Hi folks,
I have a problem with PSMDB restore in Kubernetes when using zstd compression.
Description:
I’ve created a simple replicaset cluster of 3 nodes with daily physical and logical backups using:
- compressionType: zstd
- compressionLevel: 6
Backups work perfectly fine, whether scheduled or on-demand. However, I am unable to restore my cluster from either physical or logical backups.
- Physical backup: The cluster switches to initializing mode and then fails with “backup not found.”

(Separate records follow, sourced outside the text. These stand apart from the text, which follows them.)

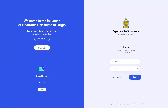Hello everyone, welcome to the video tutorial series where we explain how to fully utilize the features and functionalities of the Department of Commerce Electronic Certificate of Origin System. In this particular video, I will be showing you how to register your company with the system so you can proceed to login and access its full features.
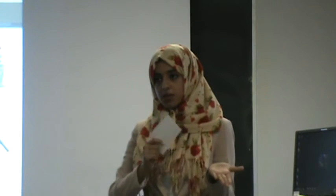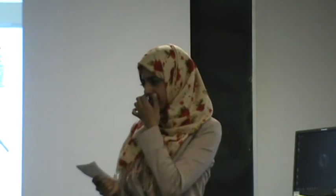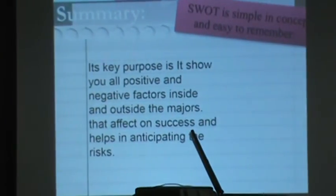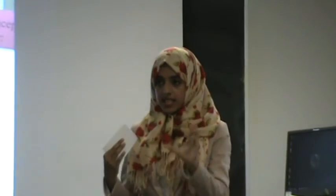Because, of course, it differs from one person to another. It depends on each person's vision, goals, and methods. Its purpose is showing you all the positive and negative factors — inside and outside the organization or the major — or anything that you don't know how to choose. That affects your success and helps you anticipate challenges. In conclusion, SWOT is one of the ways that helps you in decision making, but you may find other ways that help you with this process. I hope you enjoyed. Thank you for listening.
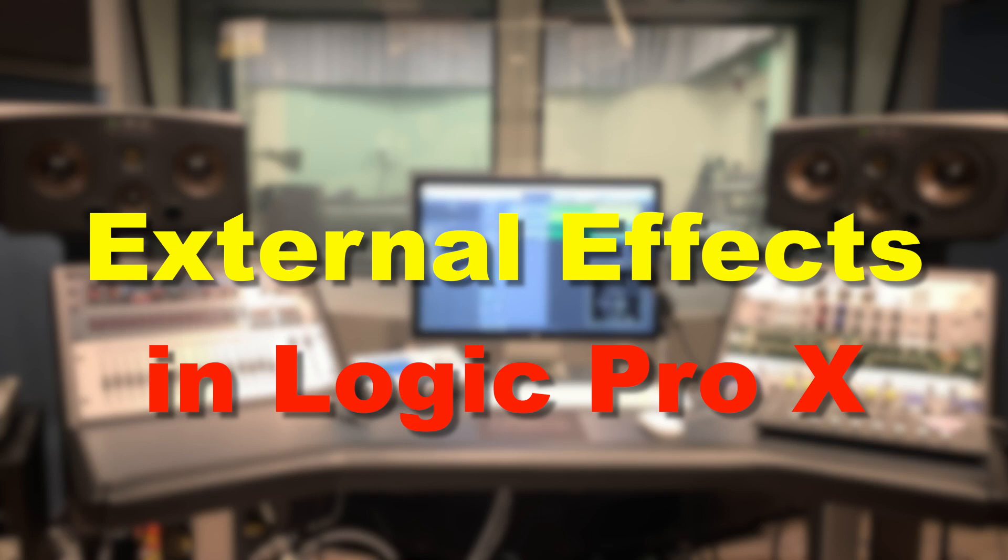Hey everybody, we're going to be looking at a thing within Logic today where we're using the IO effect in order to patch in some external outboard gear.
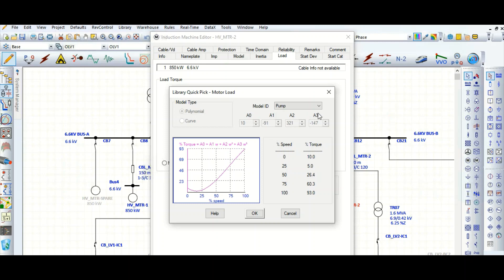So based on your project-specific pump or load supplied, load manufacturer supplied data, you need to customize. You need to create this load curve.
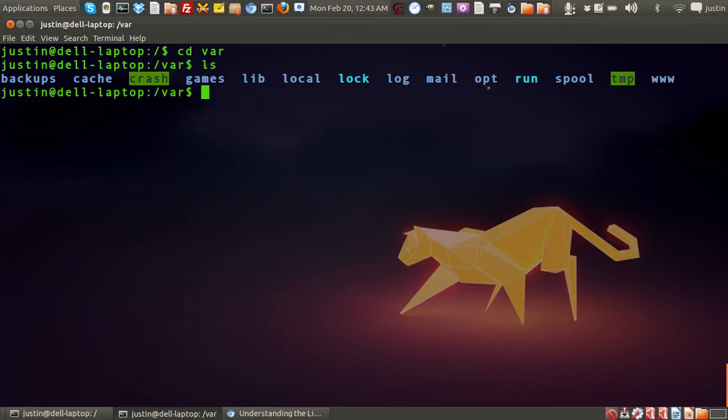So things that can actually change with every new day or every new system startup, I suppose you could say. And so yeah, that's pretty much var in a nutshell.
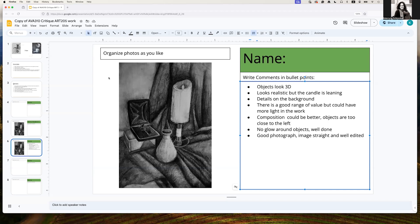This is it. This is how to make a critique and how to record the critique on the slides. Thank you very much.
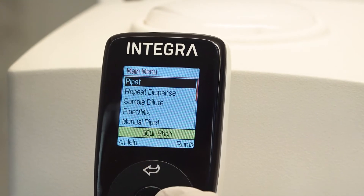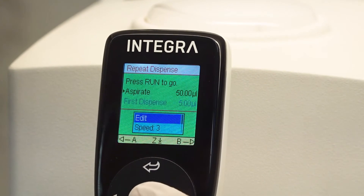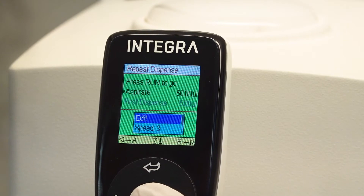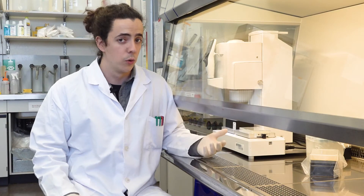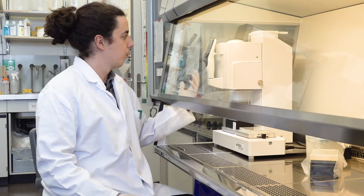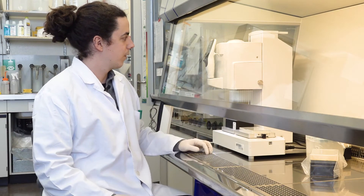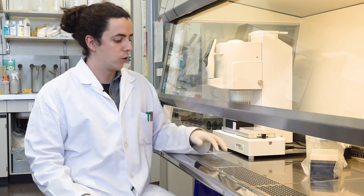It is very intuitive, so if I want to navigate through the different things that it can do, this is also a very easy thing to do.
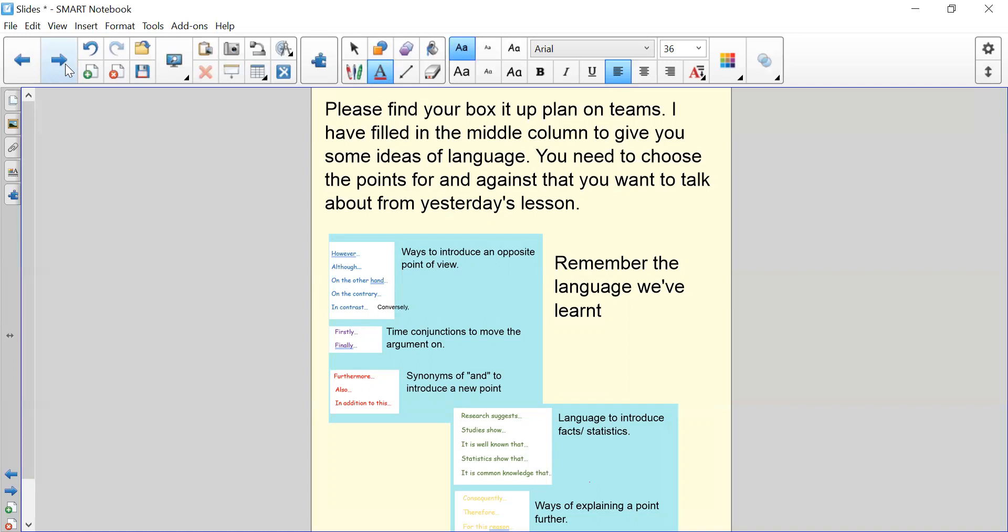So here I've just copied and pasted the language that you learned last week to remind you. We've got however, although, on the other hand, on the contrary, and in contrast, along with conversely. These are ways to introduce an opposite point of view. For example, when you're moving from the for to the against paragraph, you've got firstly and finally amongst other time conjunctions to move the argument on.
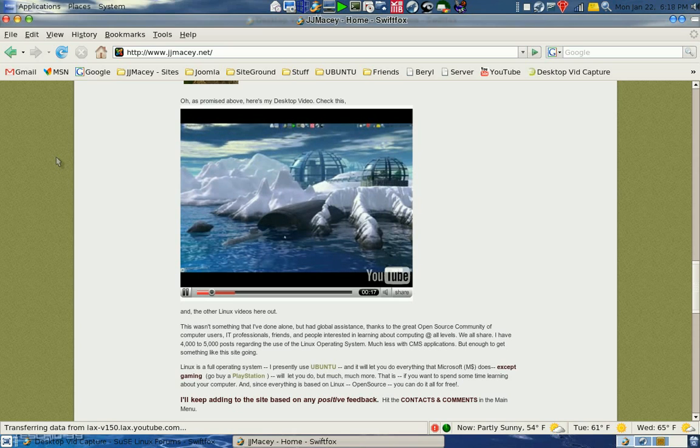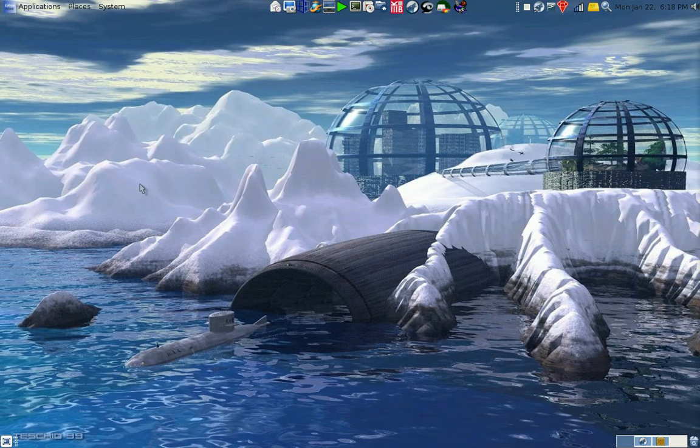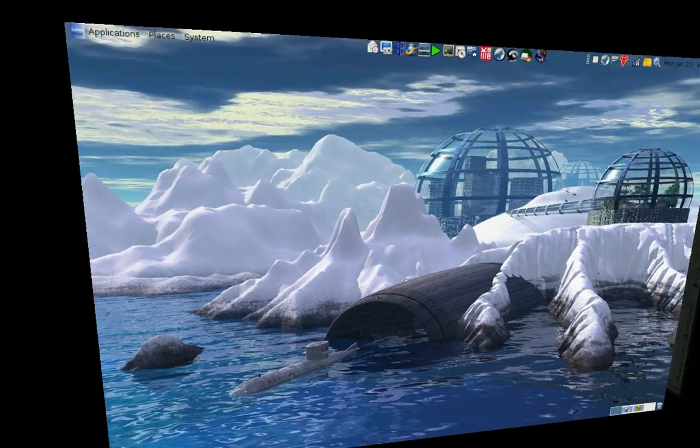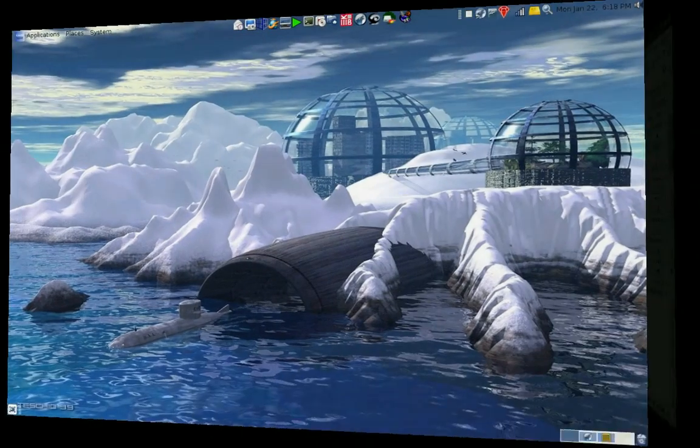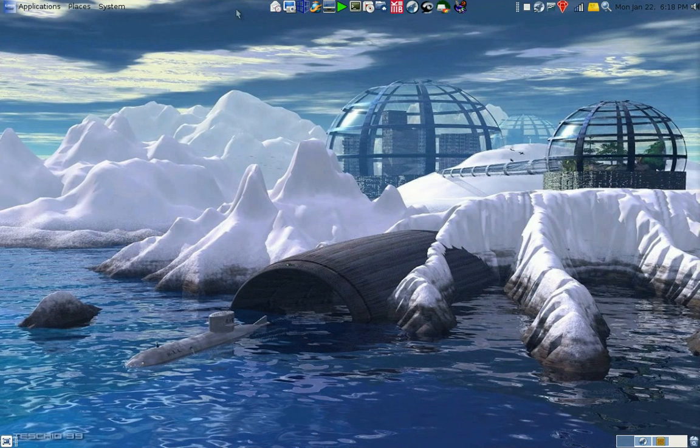Closer and closer to Moscow they come, riding the wind like a bell. General Guderian stands at the crest of the hill.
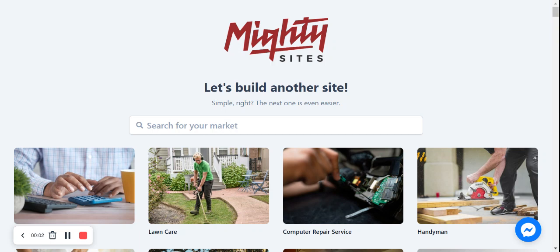Hey everyone, today I want to show you how to create a website for your airport shuttle service using the Mighty Sites platform. If you haven't been following our videos and you're not entirely sure what Mighty Sites is, it's an easy-to-use website generator for small businesses, designed with small businesses in mind — solopreneurs, side hustles. It's super affordable, only nine dollars a month, and there is a free trial available — no credit card required.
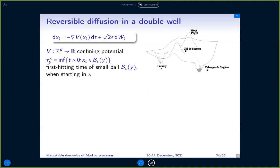The kind of equations I'm going to look at today is a particular kind of SDEs — those with a gradient drift term and an isotropic white noise term. The small parameter today will be called square root of 2 epsilon because it will simplify some formulas. And V is a confining potential, so it goes to infinity sufficiently fast; it's defined on R^d.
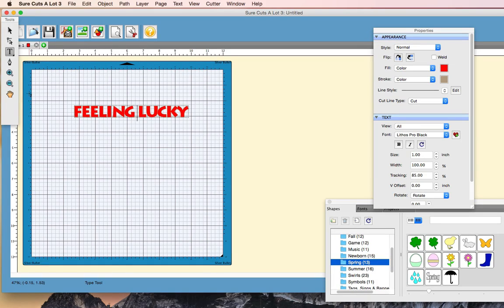Rob here with ScrappyDoo.com, and this video tutorial is going to be shot in SureCut Slot 3 because some people were asking, is it possible to still do the knockout effect in SureCut Slot 3? Well, the answer is yes.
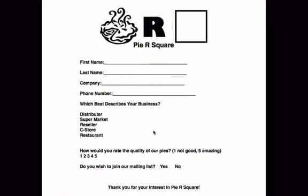In our first form, we built the first name, last name, company, and phone number. Now we're going to add which best describes your business. And then we're going to have an option list of distributor, supermarket, reseller, C-store, or restaurant.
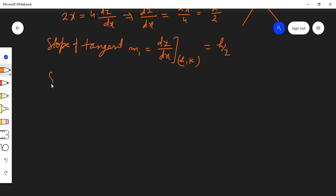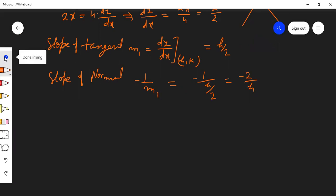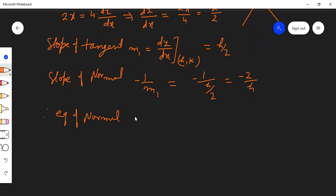Once we know the slope of the tangent, we can find the slope of the normal, which is the negative reciprocal: slope of normal = -1/m1 = -1/(h/2) = -2/h. The equation of the normal using point (h, k) is: y - k = (-2/h)(x - h).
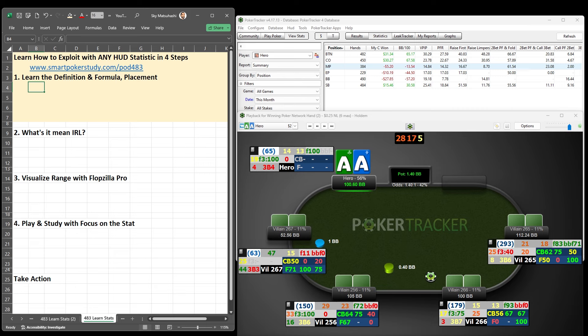Good day, poker peeps. This is Skye with Smart Poker Study. And in today's video, you're going to learn how to exploit with any HUD statistic in four steps.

- Logical backup: The restore fails every time with an “unexpected EOF” error.
Steps to Reproduce:
- Create a simple replicaset
apiVersion: psmdb.percona.com/v1
kind: PerconaServerMongoDB
metadata:
name: replicaset-test-cluster
namespace: percona-mongodb
finalizers:
- percona.com/delete-psmdb-pods-in-order
spec:
pause: false
crVersion: 1.19.1
image: percona/percona-server-mongodb:7.0.15-9-multi
imagePullPolicy: Always
updateStrategy: SmartUpdate
upgradeOptions:
versionServiceEndpoint: https://check.percona.com
apply: disabled
schedule: "0 2 * * *"
setFCV: false
secrets:
users: replicaset-test-cluster-secrets
encryptionKey: replicaset-test-cluster-mongodb-encryption-key
pmm:
enabled: true
image: percona/pmm-client:2.44.0
serverHost: pmm-qa.slicetest.com
mongodParams: --environment=QA --cluster=replicaset-test-cluster
replsets:
- name: rs0
size: 3
configuration: |
operationProfiling:
mode: all
slowOpThresholdMs: 100
rateLimit: 10
affinity:
antiAffinityTopologyKey: "kubernetes.io/hostname"
podDisruptionBudget:
maxUnavailable: 1
expose:
enabled: false
type: ClusterIP
resources:
limits:
cpu: "300m"
memory: "0.5G"
requests:
cpu: "300m"
memory: "0.5G"
volumeSpec:
persistentVolumeClaim:
resources:
requests:
storage: 3Gi
nonvoting:
enabled: false
size: 3
affinity:
antiAffinityTopologyKey: "kubernetes.io/hostname"
podDisruptionBudget:
maxUnavailable: 1
resources:
limits:
cpu: "300m"
memory: "0.5G"
requests:
cpu: "300m"
memory: "0.5G"
volumeSpec:
persistentVolumeClaim:
resources:
requests:
storage: 3Gi
arbiter:
enabled: false
size: 1
affinity:
antiAffinityTopologyKey: "kubernetes.io/hostname"
resources:
limits:
cpu: "300m"
memory: "0.5G"
requests:
cpu: "300m"
memory: "0.5G"
sharding:
enabled: false
configsvrReplSet:
size: 3
affinity:
antiAffinityTopologyKey: "kubernetes.io/hostname"
podDisruptionBudget:
maxUnavailable: 1
expose:
enabled: false
type: ClusterIP
resources:
limits:
cpu: "300m"
memory: "0.5G"
requests:
cpu: "300m"
memory: "0.5G"
volumeSpec:
persistentVolumeClaim:
resources:
requests:
storage: 3Gi
mongos:
size: 3
affinity:
antiAffinityTopologyKey: "kubernetes.io/hostname"
podDisruptionBudget:
maxUnavailable: 1
resources:
limits:
cpu: "300m"
memory: "0.5G"
requests:
cpu: "300m"
memory: "0.5G"
expose:
type: ClusterIP
users:
- name: app-test-user
db: admin
passwordSecretRef:
name: app-test-user-secret
key: password
roles:
- name: readWrite
db: test_db
backup:
enabled: true
image: percona/percona-backup-mongodb:2.8.0-multi
storages:
s3-us-east:
type: s3
s3:
bucket: mongodb-backup-qa
credentialsSecret: replicaset-test-cluster-backup-s3
region: us-east-1
prefix: "replicaset-test-cluster"
pitr:
enabled: false
oplogOnly: false
compressionType: zstd
compressionLevel: 6
tasks:
- name: daily-s3-us-east
enabled: true
schedule: "0 0 * * *"
keep: 10
storageName: s3-us-east
compressionType: zstd
compressionLevel: 6
type: physical
- name: daily-s3-us-east-logic
enabled: true
schedule: "0 1 * * *"
keep: 10
storageName: s3-us-east
compressionType: zstd
compressionLevel: 6
type: logical
- Make some visible data changes, (create DB, collection, add some data), make a backup and drop some object to have anchor to check.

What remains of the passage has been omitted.